Today you might look at the garden of your life. Perhaps you have tended it well since Beltane, the beginning of the growing season. What’s available right now for a first harvest of your work? A few chapters of a book? Several pages in a sketchbook? Phone calls or other messages from relationships you’ve nurtured? Or, you could have ripening beans, onions, tomatoes, lettuce, onions. Perhaps your bees have had a good summer. Is it about time for a honey harvest?
As for me. Kate died April 12th, only eighteen days before May 1st, the first day of the growing season on the Great Wheel. My life went into a sudden winter, a winter from which it has not yet emerged, in spite of the outer turning of the Wheel. Not a bad thing. A natural, normal immersion in the darkness of death, isolation, loss. A needed immersion.
I’ve had plenty of support. Of particular importance has been Joe and Seoah, the Ancient Ones, and Congregation Beth Evergreen. A spirituality based in Taoism and the Great Wheel sustains me on my journey underground. None of these can eliminate sadness, grief, nor should they.
It does mean that I come to this Lughnasa, this 2021 first fruits holiday, with a heart still in a shroud.
This last week has had tough moments, unexpected triggers for grief’s charioteer, sadness. Coming up Shadow Mountain Drive I remembered our first drive up here, in the dark. Four mule deer jumped out and ran across the road as we rounded a corner. We were both so happy to see them
When I dropped off Kate’s wheelchair and rollator at CBE, I recalled a picture I have of her on Rosh Hashanah 0f 2018, sitting on the green (her favorite color) rollator in the social hall. A week or so later she would have her bleed which signaled the true start of her decline.
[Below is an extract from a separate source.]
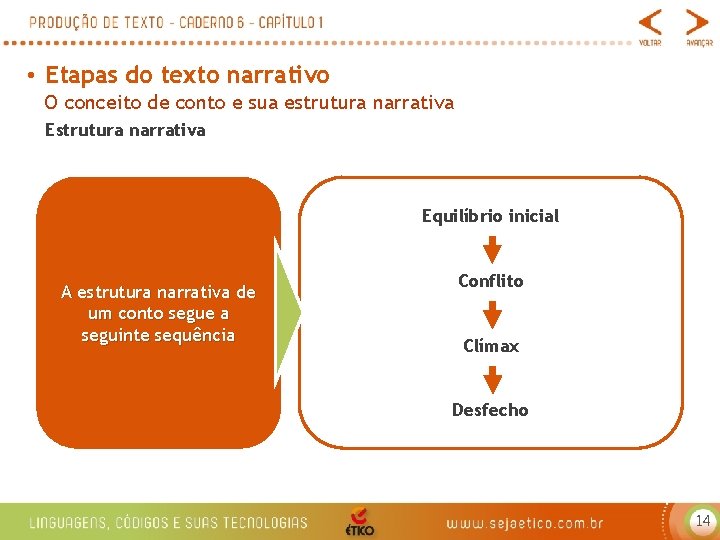  • Etapas do texto narrativo O conceito de conto e sua estrutura narrativa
No first fruits for me this Lughnasa. This year I’m out of sync with the Great Wheel, though try me again on September 29th, Michaelmas. Rudolf Steiner’s springtime of the soul. I might emerge like the groundhog, see the sun lower in the fall sky, and declare myself in a new spring of a transformed life. Could happen.
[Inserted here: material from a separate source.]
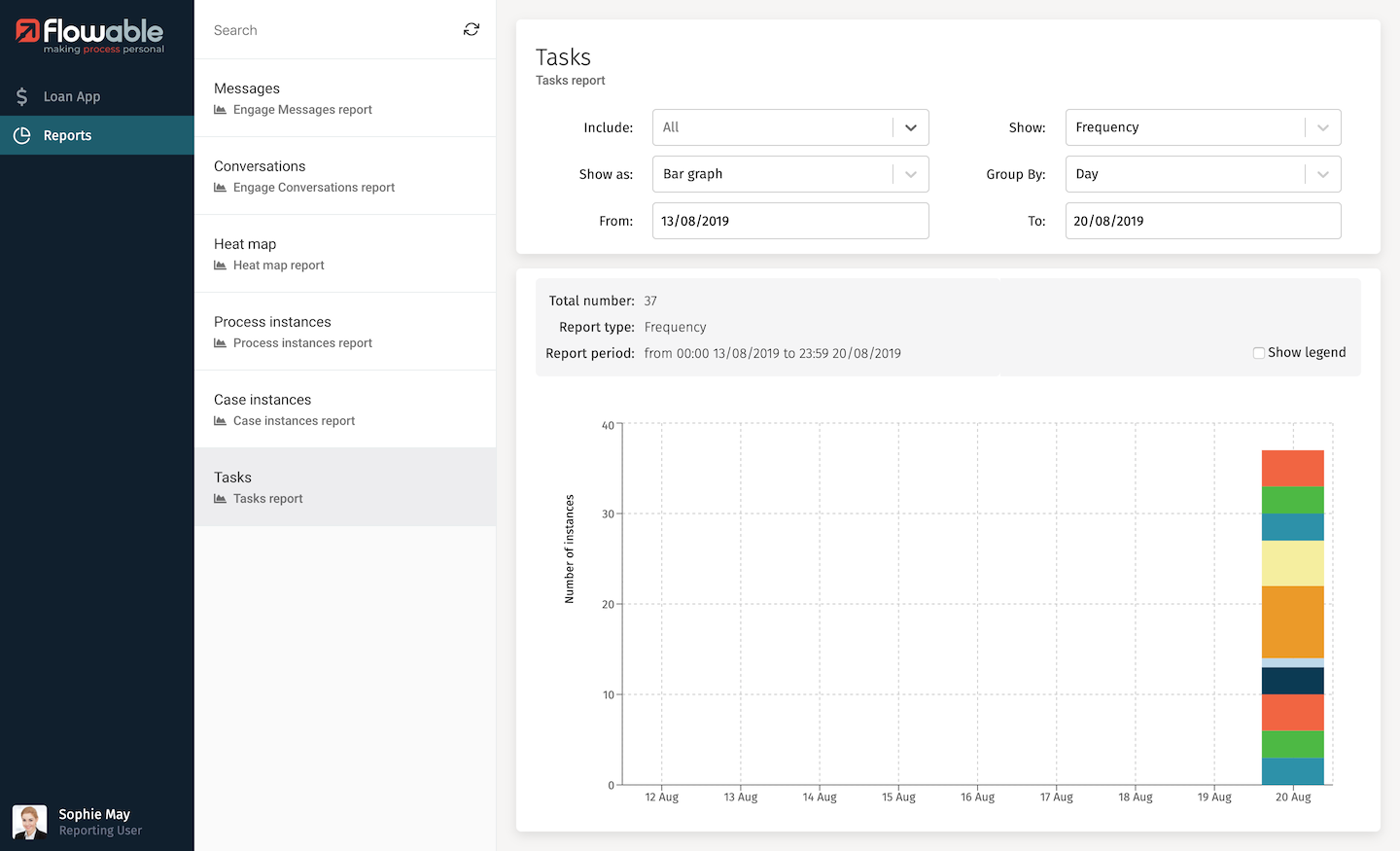 Tasks Bar Report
The reversed nine of cups speaks to me of this. It says, look for sadness, loss of pleasure. A struggle to achieve goals. Frustration that wishes have not come true.
All of these are true for me right now. I don’t see them as anything other than a normal reaction to Kate’s death. I am sad. Sometimes. I’ve not found my g-spot for this new post-Kate’s physical presence life. Any goals, short term especially, get bogged down when I lose energy. And, yes, I’m frustrated that I’m not further along in something I cannot hurry.
Grief. The process of realignment, of realization, of transformation. Not easy. Not impossible. Difficult.